## Assignment
Using the listing below, copy exactly the lines from the one containing "Hyster H 2.5FT" to the one containing "Photo of Listing #679948", both lines included, and no others.

## Provided data

──────────────────────────────

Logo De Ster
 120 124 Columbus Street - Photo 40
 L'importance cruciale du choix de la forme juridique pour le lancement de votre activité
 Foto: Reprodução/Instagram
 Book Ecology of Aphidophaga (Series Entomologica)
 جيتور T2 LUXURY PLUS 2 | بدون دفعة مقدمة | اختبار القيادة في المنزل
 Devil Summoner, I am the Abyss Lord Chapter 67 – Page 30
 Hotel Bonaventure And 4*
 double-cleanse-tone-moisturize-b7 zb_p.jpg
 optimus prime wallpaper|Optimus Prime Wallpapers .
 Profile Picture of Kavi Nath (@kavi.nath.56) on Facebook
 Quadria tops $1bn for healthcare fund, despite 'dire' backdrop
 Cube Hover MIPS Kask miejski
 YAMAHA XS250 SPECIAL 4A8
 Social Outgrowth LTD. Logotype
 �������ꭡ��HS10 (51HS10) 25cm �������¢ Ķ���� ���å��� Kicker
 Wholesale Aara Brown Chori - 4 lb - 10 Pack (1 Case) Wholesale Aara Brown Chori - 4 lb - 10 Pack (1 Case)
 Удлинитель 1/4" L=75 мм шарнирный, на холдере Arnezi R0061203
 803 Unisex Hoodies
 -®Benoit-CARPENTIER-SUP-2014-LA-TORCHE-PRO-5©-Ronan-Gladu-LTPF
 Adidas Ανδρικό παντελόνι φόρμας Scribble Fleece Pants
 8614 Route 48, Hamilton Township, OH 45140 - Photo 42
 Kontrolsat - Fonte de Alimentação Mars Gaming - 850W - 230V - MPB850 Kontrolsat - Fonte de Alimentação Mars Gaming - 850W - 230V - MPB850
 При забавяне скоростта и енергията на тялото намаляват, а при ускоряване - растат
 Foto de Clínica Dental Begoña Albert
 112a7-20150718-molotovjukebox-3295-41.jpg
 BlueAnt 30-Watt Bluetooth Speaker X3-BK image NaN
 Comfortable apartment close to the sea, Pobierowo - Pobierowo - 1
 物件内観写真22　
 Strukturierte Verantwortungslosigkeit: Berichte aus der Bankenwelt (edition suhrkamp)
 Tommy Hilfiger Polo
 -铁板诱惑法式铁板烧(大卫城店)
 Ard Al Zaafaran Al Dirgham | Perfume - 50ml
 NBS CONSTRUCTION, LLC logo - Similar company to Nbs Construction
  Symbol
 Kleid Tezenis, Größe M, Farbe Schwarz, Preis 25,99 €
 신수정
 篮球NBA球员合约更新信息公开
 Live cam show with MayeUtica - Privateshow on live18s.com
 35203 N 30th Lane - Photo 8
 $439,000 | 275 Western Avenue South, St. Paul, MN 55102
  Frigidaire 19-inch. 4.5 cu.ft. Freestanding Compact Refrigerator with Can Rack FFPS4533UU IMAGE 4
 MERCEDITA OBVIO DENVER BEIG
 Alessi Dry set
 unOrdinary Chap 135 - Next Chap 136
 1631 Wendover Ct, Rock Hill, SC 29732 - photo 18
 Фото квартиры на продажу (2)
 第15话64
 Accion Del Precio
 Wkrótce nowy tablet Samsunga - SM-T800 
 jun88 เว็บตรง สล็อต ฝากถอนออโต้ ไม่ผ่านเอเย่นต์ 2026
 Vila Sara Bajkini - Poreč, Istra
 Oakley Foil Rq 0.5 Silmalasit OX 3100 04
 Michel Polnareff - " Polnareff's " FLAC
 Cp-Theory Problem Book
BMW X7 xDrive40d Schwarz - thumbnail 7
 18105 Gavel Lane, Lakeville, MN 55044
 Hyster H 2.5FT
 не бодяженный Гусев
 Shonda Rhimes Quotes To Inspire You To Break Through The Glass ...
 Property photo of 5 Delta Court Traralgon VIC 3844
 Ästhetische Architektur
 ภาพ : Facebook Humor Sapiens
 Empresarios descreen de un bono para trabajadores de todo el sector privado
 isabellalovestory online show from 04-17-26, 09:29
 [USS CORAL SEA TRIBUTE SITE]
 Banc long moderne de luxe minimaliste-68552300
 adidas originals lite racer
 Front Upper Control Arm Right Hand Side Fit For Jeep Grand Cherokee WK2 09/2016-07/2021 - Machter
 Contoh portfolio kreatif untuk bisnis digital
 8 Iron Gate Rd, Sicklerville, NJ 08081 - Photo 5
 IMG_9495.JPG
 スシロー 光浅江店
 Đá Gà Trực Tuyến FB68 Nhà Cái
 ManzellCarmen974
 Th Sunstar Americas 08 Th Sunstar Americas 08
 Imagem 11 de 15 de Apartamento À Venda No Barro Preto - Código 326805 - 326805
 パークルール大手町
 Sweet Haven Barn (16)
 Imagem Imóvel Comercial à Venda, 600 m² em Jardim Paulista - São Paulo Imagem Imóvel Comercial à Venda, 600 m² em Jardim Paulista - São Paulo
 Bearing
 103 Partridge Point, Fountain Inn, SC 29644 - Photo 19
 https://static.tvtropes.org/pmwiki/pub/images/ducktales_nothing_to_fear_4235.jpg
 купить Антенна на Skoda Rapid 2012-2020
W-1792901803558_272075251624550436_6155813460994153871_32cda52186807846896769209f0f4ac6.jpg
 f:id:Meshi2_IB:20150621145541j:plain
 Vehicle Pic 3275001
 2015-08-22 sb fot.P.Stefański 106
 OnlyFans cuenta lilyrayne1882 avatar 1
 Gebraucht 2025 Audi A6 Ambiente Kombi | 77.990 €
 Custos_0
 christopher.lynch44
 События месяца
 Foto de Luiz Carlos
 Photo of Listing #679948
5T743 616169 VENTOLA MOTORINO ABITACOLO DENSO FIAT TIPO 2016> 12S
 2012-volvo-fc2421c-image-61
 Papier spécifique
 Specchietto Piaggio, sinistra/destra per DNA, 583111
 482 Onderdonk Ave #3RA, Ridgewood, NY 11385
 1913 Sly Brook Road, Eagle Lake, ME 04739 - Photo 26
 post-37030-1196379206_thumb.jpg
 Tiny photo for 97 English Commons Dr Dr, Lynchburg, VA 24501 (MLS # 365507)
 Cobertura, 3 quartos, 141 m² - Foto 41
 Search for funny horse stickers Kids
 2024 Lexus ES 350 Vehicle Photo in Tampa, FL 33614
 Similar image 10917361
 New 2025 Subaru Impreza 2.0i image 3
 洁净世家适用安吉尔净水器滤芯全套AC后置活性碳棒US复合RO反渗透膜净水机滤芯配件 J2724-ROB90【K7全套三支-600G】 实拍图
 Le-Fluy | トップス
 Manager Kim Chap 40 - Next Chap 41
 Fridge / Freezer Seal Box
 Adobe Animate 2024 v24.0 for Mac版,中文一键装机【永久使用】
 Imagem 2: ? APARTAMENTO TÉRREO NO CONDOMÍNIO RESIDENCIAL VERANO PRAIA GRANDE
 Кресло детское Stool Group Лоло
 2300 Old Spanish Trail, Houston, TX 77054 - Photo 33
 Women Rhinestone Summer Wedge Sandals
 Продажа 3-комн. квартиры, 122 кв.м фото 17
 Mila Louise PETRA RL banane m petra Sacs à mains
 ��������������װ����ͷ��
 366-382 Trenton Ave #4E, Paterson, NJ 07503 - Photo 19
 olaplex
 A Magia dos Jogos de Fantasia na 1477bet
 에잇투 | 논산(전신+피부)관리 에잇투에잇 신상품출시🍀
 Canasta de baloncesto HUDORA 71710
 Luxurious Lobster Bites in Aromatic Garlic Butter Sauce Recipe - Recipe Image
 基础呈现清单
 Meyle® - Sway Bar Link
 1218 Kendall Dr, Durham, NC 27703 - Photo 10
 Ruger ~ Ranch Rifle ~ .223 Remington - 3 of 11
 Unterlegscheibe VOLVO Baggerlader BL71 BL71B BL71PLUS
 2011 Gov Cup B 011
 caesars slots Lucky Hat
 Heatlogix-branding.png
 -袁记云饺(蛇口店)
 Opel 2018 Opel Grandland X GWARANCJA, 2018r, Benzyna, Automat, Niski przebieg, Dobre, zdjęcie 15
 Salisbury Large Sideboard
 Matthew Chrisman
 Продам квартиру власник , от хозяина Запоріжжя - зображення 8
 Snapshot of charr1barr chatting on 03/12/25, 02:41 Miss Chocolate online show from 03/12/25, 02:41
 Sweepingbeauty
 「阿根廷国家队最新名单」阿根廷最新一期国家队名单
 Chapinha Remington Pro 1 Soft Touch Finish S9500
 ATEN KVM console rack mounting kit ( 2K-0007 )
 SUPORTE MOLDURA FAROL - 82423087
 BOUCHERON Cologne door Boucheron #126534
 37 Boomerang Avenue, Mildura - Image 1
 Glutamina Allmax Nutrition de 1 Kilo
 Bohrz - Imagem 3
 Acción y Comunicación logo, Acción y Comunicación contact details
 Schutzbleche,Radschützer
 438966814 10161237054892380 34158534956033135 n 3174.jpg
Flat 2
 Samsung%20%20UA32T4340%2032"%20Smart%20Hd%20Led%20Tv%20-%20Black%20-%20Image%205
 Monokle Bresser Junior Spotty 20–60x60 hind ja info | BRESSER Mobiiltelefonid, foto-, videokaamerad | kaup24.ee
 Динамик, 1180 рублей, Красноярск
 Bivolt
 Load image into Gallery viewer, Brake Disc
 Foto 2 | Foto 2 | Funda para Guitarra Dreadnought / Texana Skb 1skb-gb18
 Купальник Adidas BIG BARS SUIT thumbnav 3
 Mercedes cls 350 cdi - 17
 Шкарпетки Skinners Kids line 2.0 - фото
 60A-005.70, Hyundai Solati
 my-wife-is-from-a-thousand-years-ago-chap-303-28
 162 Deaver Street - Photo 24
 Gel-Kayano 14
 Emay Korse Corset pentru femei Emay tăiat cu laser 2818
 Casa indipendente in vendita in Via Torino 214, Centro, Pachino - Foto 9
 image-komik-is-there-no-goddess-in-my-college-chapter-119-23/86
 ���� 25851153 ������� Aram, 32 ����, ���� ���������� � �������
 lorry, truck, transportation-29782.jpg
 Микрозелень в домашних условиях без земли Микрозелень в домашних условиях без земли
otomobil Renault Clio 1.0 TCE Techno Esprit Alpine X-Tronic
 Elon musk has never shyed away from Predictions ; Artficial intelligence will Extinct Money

──────────────────────────────

## Answer to the problem
 Hyster H 2.5FT
 не бодяженный Гусев
 Shonda Rhimes Quotes To Inspire You To Break Through The Glass ...
 Property photo of 5 Delta Court Traralgon VIC 3844
 Ästhetische Architektur
 ภาพ : Facebook Humor Sapiens
 Empresarios descreen de un bono para trabajadores de todo el sector privado
 isabellalovestory online show from 04-17-26, 09:29
 [USS CORAL SEA TRIBUTE SITE]
 Banc long moderne de luxe minimaliste-68552300
 adidas originals lite racer
 Front Upper Control Arm Right Hand Side Fit For Jeep Grand Cherokee WK2 09/2016-07/2021 - Machter
 Contoh portfolio kreatif untuk bisnis digital
 8 Iron Gate Rd, Sicklerville, NJ 08081 - Photo 5
 IMG_9495.JPG
 スシロー 光浅江店
 Đá Gà Trực Tuyến FB68 Nhà Cái
 ManzellCarmen974
 Th Sunstar Americas 08 Th Sunstar Americas 08
 Imagem 11 de 15 de Apartamento À Venda No Barro Preto - Código 326805 - 326805
 パークルール大手町
 Sweet Haven Barn (16)
 Imagem Imóvel Comercial à Venda, 600 m² em Jardim Paulista - São Paulo Imagem Imóvel Comercial à Venda, 600 m² em Jardim Paulista - São Paulo
 Bearing
 103 Partridge Point, Fountain Inn, SC 29644 - Photo 19
 https://static.tvtropes.org/pmwiki/pub/images/ducktales_nothing_to_fear_4235.jpg
 купить Антенна на Skoda Rapid 2012-2020
W-1792901803558_272075251624550436_6155813460994153871_32cda52186807846896769209f0f4ac6.jpg
 f:id:Meshi2_IB:20150621145541j:plain
 Vehicle Pic 3275001
 2015-08-22 sb fot.P.Stefański 106
 OnlyFans cuenta lilyrayne1882 avatar 1
 Gebraucht 2025 Audi A6 Ambiente Kombi | 77.990 €
 Custos_0
 christopher.lynch44
 События месяца
 Foto de Luiz Carlos
 Photo of Listing #679948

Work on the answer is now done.